さらに、東京商銀の伊澤辰雄管財人は今年1月17日、北東商銀への事業譲渡発表記者会見で、「ある程度の健全性と入札価格で選定した」と述べ、健全性は「ある程度」のレベルでいいとの認識を示した。

 このように一連の流れをみると、今回の入札結果では、健全性は優先度は後退したかにみえる。だが、それで果たして「金融システムの安定」を保証できるのだろうか。

 金融当局は、最近の永代信組の強制破たん措置にみられるように中小金融機関の破たん処理を急いでいる。特に信用組合は昨年から現在までに実に39も破たん、毎週金曜日は破たん発表日だといわれるほどだ。ここまでするのも「金融システムの安定」が絶対命題であるからであり、今回の「健全性の後退」はこの命題に明らかに反する。

 ところで、急激な破たん処理の実施時期について、「昨年秋、ペイオフ(預金の保証上限が1000万円までと利息)解禁前に経営不振の中小金融機関は淘汰してしまうという小泉内閣の基本方針が決まり、政府主導で金融再編を強力に進めることになった」(2月8日付週刊ポスト)という見方がある。

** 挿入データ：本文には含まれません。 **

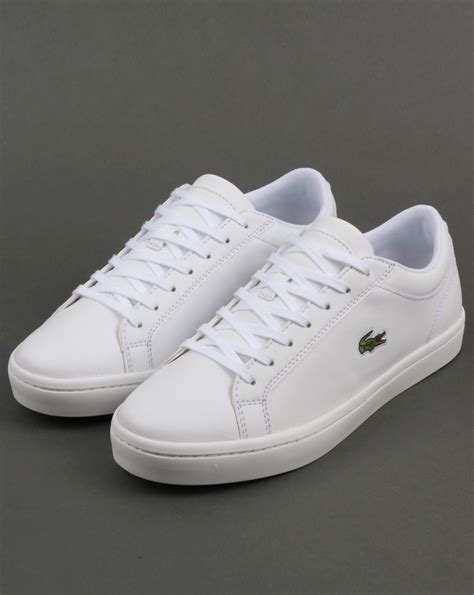 womens white lacoste trainers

 奇しくも、この時期は在日信組処理に対する方針転換があったころと軌を一にしている。在日識者の間に「この時期から東京商銀の背任横領事件にメスが入り、総連にも捜査の手が入った。朝銀にはすでに数千億円の公的資金が流れ、いままた莫大な税金が韓国系に注がれようとしている。在日金融を見る目が厳しくなってきたことが影響しているのではないか」という声がある。

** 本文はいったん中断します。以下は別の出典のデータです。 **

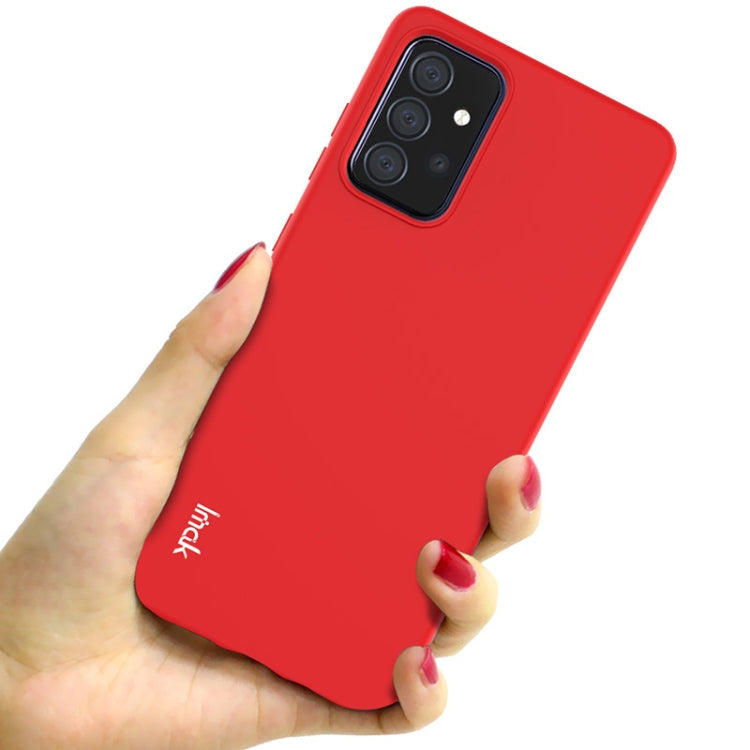 For Samsung Galaxy A72 5G / 4G IMAK UC-2 Series Shockproof Full Coverage Soft TPU Case(Red)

 在日の金融問題専門家は、「どうも分からない。金融当局は『金融システムの安定』のため、健全でない金融機関は潰しにかかっているのに、在日の金融機関は例外とでもいうのだろう。結果的に不安定となる可能性が強い今回の事業譲渡結果は、どうしても作為的に見えてならない」と訝った。入札結果を年末まで引き延ばしたことも何のためなのかという疑問を抱かせている。

 商銀事情に詳しい在日関係者は「例えば熊本商銀は累積赤字を抱え、4億6000万円を九州圏外からの優先出資で資本拡充したという。優先出資となれば毎年配当しなければならないが、累積赤字を抱える熊本商銀に本当にそれが可能なのか。また、すでに資本金を増資した横浜商銀と資本金集めをしなければならない北東商銀(仙台)をどう天秤にかけたのだろうか。さらには小が大を飲み込んだ近畿産業(京都)の場合はよほどの健全性がないと先行き不安だ。このように資本金集めの過程を含め、何とも奇妙で分かりにくいことが多い。金融庁は本当に事業譲受した3信組が健全性に問題はないと判断したのだろうか」と疑問を投げかけた。